So when a parallel discussion started in January 2003 about Google's own privacy policy and what we revealed to users about the data we collected from their searches, something clicked in my head. "We need to cross the streams," I thought. It was all related. Scumware. Privacy. The Google toolbar. "Yada," I realized in a moment of transcendental clarity, "yada."
Our "Not the usual yada yada" message had forestalled an uproar over our toolbar tracking users as they moved across the web. Now we could shelter ourselves from a PR cataclysm over privacy and fight scumware at the same time by employing a similar tactic. I knew a firestorm was coming. We were not immune to criticism about our privacy policy—from mild concerns to wild conspiracy theories. We had people's most intimate thoughts in our log files and, soon enough, people would realize it. We didn't know who searched for what, but, as I had seen after 9/11, there were ways to extract that information if someone was motivated to do so.
Chances are you've Googled yourself. Almost all of us have searched for our own names. When you do that, Google sees your IP address, the number corresponding to your computer's connection point on the Internet. If you connect to the Internet via a large commercial Internet service provider (ISP), a new IP address is theoretically assigned each time you log on* and then reissued to others when you turn off your computer. In practice, however, your IP address may not change for days or even months.
If you've used Google before, most likely you also have a Google cookie on your computer—a unique string of digits Google placed there so it can remember your preferences each time you come back (preferences like "apply SafeSearch filtering" or "show results in Chinese"). Google doesn't know your name or your real-world location, though your IP address may reveal your city if your ISP assigns blocks of numbers to specific geographic regions.
Looking at all the searches conducted from one IP address by a computer with a cookie assigned to it over a period of time could give a search engine data about individual user behavior. That information would be invaluable in improving both the relevance of search results and the targeting of advertising.
Why is the information helpful? Say that for a single twenty-four- hour period you threw all the search terms entered by one cookie/IP address combo into a bucket and analyzed them to establish correlations. Then say you compared those correlations with those found in other buckets: other searches conducted by other cookied computers. Patterns would emerge. So if you found that a search for "best sushi in Mountain View" was often followed by a search for "Sushi Tomi restaurant," you might associate Sushi Tomi with the best sushi in Mountain View. A large search engine could compare tens of millions of buckets to determine how terms were related to one another. With that much data, you could derive some fairly definitive answers.

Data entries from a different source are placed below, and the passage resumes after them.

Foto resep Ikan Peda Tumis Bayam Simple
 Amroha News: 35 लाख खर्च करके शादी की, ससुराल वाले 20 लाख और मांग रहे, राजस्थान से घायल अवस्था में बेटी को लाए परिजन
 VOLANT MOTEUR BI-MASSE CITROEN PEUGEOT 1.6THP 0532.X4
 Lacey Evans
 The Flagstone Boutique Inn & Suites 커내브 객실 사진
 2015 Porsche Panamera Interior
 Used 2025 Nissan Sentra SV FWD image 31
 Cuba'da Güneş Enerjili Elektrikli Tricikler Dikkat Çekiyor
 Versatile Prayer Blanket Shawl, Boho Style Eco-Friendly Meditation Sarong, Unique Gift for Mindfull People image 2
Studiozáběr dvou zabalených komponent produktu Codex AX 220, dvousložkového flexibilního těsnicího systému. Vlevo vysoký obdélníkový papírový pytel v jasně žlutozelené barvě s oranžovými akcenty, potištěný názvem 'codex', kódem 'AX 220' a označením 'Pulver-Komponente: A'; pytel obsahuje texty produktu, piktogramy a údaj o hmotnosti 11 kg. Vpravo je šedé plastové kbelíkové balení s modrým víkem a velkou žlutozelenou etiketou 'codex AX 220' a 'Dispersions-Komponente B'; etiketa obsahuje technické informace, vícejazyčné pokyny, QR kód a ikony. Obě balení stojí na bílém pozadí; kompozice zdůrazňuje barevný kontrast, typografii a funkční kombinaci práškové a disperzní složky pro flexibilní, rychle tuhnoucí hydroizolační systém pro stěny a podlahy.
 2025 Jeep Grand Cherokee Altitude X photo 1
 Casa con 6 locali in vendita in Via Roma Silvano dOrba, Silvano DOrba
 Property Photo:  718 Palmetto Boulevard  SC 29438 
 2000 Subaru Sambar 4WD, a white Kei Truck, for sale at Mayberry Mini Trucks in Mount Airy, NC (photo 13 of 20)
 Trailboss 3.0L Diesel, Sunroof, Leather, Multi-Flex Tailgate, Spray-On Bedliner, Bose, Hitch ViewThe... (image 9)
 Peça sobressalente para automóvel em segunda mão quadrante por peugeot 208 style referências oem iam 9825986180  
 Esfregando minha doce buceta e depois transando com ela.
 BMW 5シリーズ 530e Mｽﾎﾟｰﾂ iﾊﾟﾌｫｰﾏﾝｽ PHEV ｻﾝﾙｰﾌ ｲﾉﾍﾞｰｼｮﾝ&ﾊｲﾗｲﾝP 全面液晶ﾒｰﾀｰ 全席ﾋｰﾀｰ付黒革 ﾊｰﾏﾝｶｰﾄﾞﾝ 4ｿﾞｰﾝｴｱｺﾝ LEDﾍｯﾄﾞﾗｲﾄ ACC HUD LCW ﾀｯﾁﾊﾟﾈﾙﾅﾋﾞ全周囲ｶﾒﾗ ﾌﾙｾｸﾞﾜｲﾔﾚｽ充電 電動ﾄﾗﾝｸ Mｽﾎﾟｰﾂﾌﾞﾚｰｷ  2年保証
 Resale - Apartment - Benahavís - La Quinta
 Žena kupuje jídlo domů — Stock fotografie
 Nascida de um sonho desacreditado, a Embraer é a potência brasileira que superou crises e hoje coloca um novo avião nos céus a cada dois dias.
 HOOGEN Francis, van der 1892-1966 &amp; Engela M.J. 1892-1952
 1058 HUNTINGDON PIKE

Using searchers' data, though, creates a fundamental dilemma. How do you protect user privacy while retaining the maximum value of the data for improving the search engine that collected it? Part of Google's answer was to anoint Nikhil Bhatla our "privacy czar." One of the first questions Nikhil raised was about identifying a user strictly from the stream of queries tied to one cookie over time. He shared an anecdote about engineer Jeff Dean, who had been working in the logs system where user search data was recorded. Jeff noticed that one cookie had been conducting a very interesting series of queries on technical topics, using highly sophisticated search techniques. He was impressed by the searcher's acumen. Only after studying the data further did he realize that the query stream he was looking at came from his own computer.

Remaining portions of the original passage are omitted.